Work request
An exact retyping of all lines below is the answer; pictures do not belong in it.

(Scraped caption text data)
----
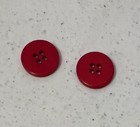2 Red Buttons From Red Bemidji Woolen Mills Wool Jacket 3 4 Inch No Insignia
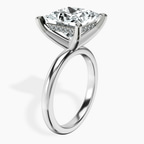 Platinum Mildred Hidden Halo Solitaire Lab Diamond Ring standing product image one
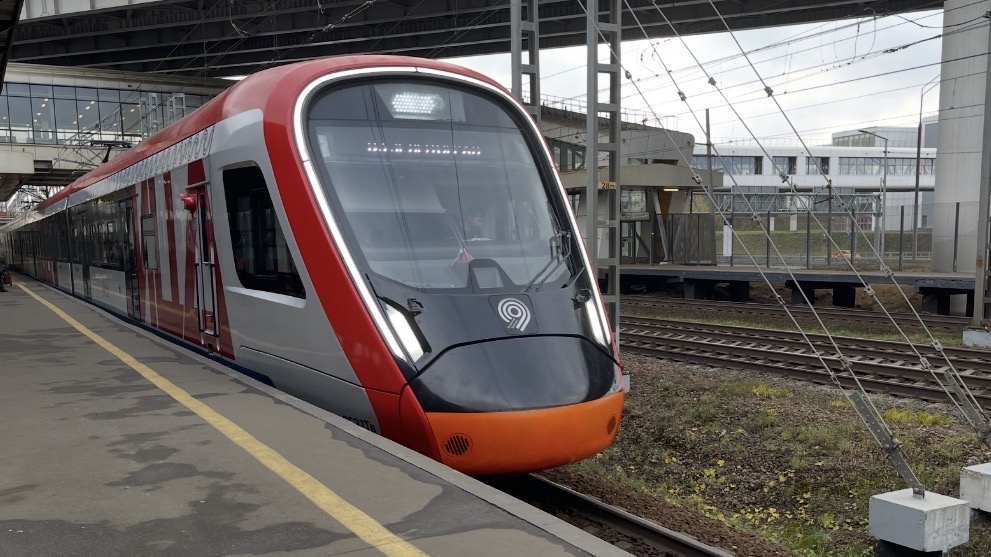 Электричка «Иволга», курсирует на МЦД. Фото: Михаил Лайф Влог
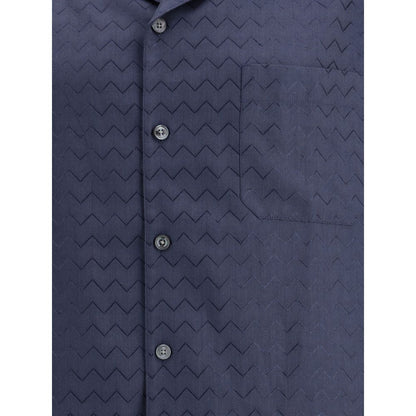 Missoni Bowling Shirt with shiny ZigZag pattern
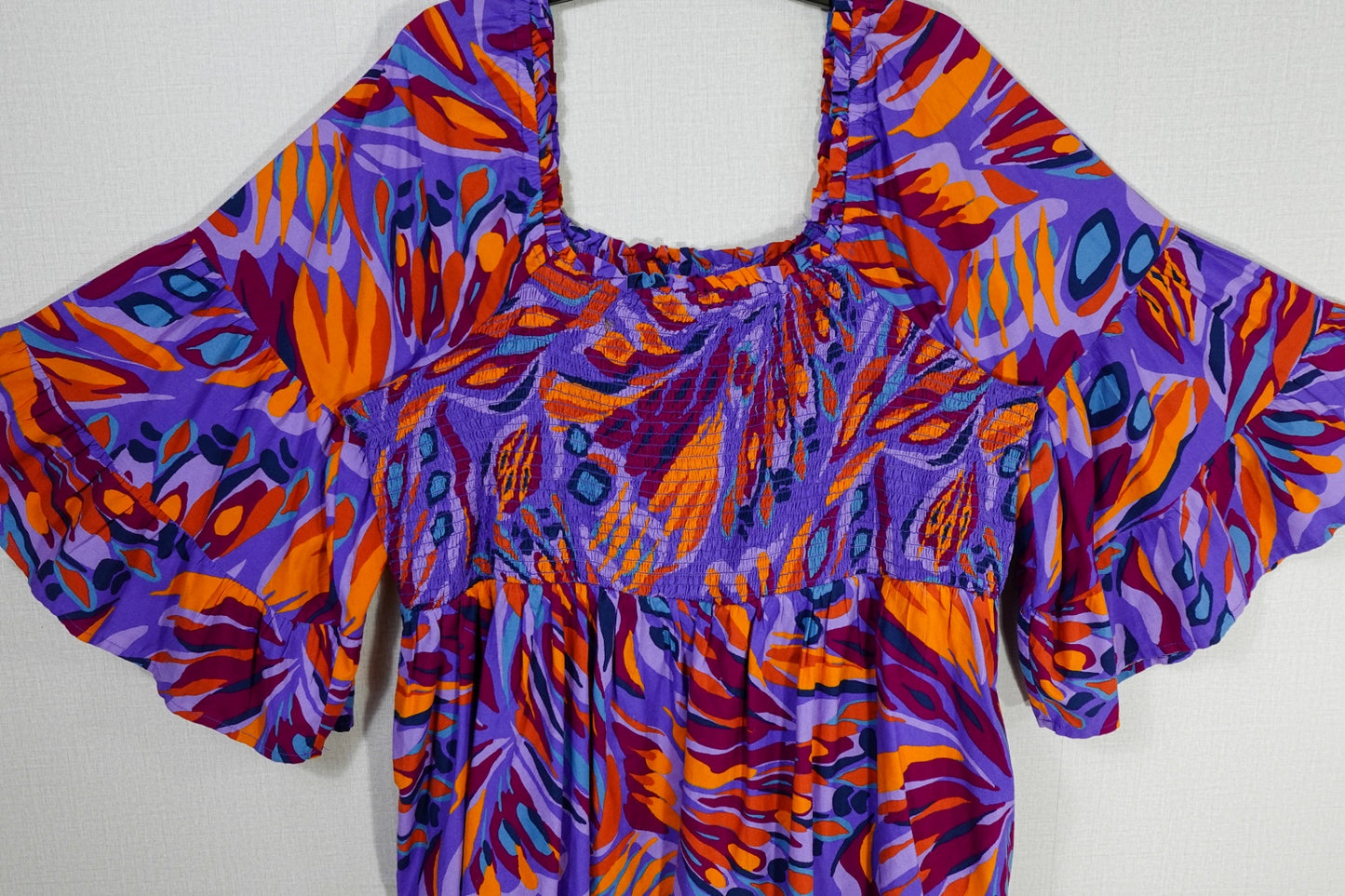 Terra & Sky, Short bell Sleeved Top, 24W/26W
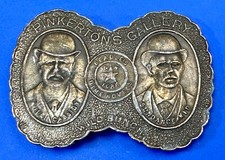 Pinkerton's Gallery Butch Cassidy Sundance Kid Wild Bunch Bergamot Belt Buckle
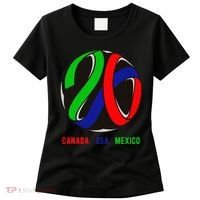Canada USA Mexico Soccer Tournament 2026 Women's T-Shirt thumb 0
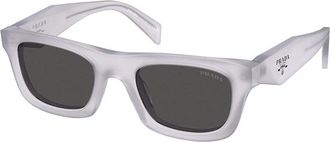 Prada Grey Rectangular Ladies Sunglasses PR C06S 22G08Z 50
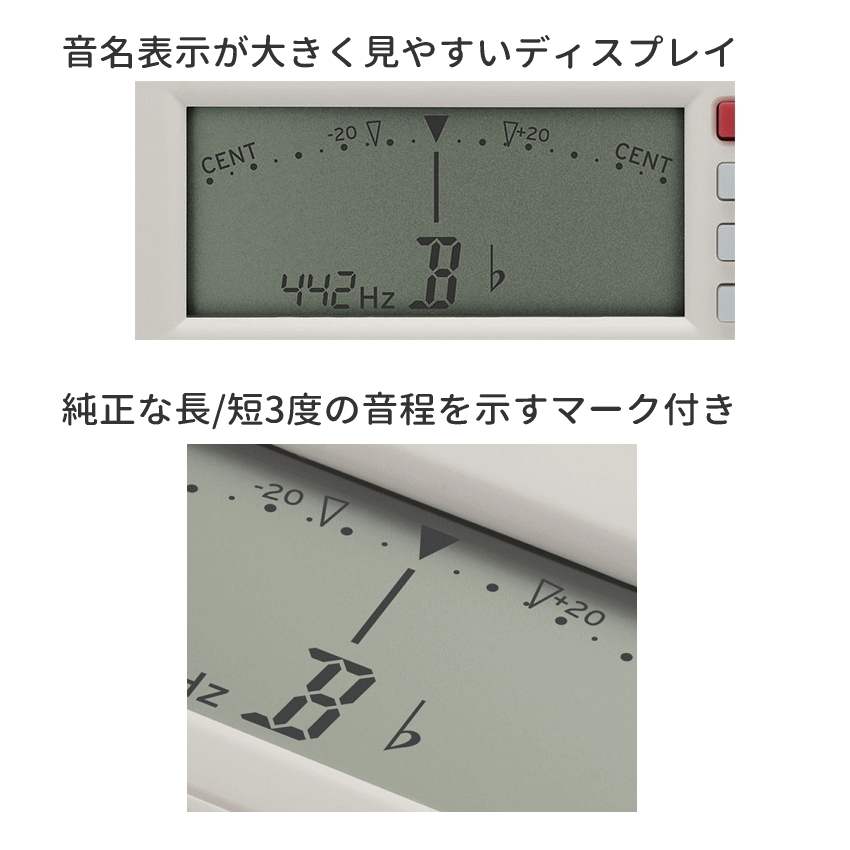 KORG コルグ クロマチックチューナー CA-50 クリップマイク CM-300WH セミハードケースセット 管楽器チューナー マイクも一緒に収納できるセミハードケース付き | KORG | 07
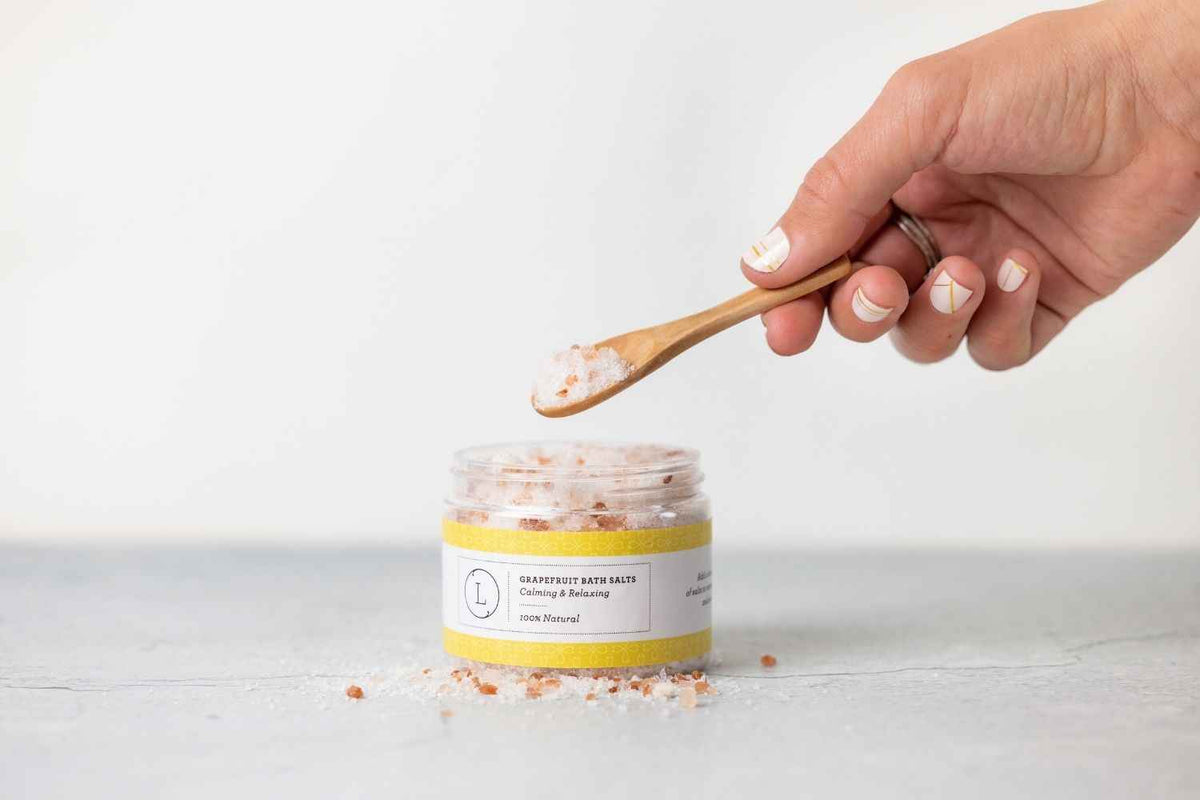 Grapefruit Bath Salts – Dead Sea, Epsom & Himalayan Soak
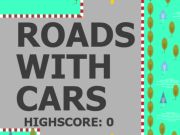 游戏带有汽车的道路在线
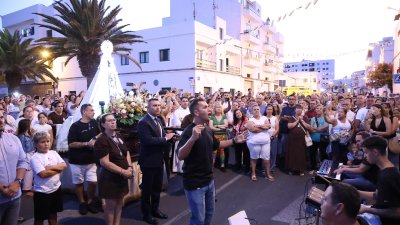 Procesión del Carmen en Valterra. Foto: La Voz
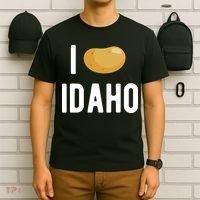 Idaho Potato I Love Vegetable Funny State Of Idaho Potatoes T-Shirt thumb 6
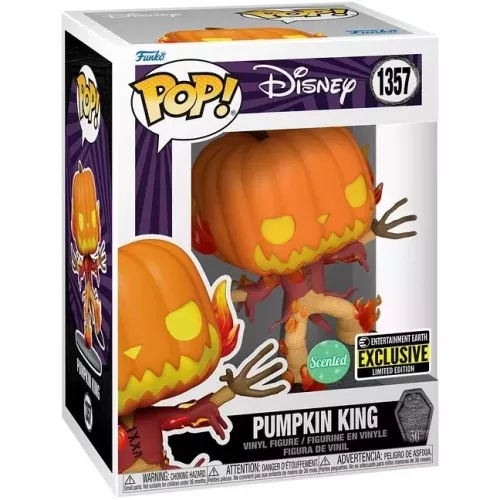 Funko Pop! Pumpkin King #1357 Scented Disney Vinyl Figure Box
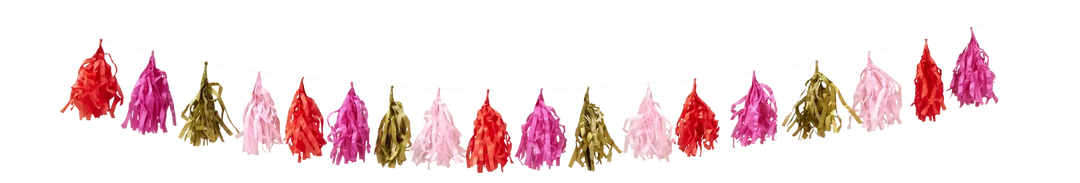 Rice Pappír garland pink/gold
----
Reply
2 Red Buttons From Red Bemidji Woolen Mills Wool Jacket 3 4 Inch No Insignia
 Platinum Mildred Hidden Halo Solitaire Lab Diamond Ring standing product image one
 Электричка «Иволга», курсирует на МЦД. Фото: Михаил Лайф Влог
 Missoni Bowling Shirt with shiny ZigZag pattern
 Terra & Sky, Short bell Sleeved Top, 24W/26W
 Pinkerton's Gallery Butch Cassidy Sundance Kid Wild Bunch Bergamot Belt Buckle
Canada USA Mexico Soccer Tournament 2026 Women's T-Shirt thumb 0
 Prada Grey Rectangular Ladies Sunglasses PR C06S 22G08Z 50
 KORG コルグ クロマチックチューナー CA-50 クリップマイク CM-300WH セミハードケースセット 管楽器チューナー マイクも一緒に収納できるセミハードケース付き | KORG | 07
 Grapefruit Bath Salts – Dead Sea, Epsom & Himalayan Soak
 游戏带有汽车的道路在线
 Procesión del Carmen en Valterra. Foto: La Voz
 Idaho Potato I Love Vegetable Funny State Of Idaho Potatoes T-Shirt thumb 6
 Funko Pop! Pumpkin King #1357 Scented Disney Vinyl Figure Box
 Rice Pappír garland pink/gold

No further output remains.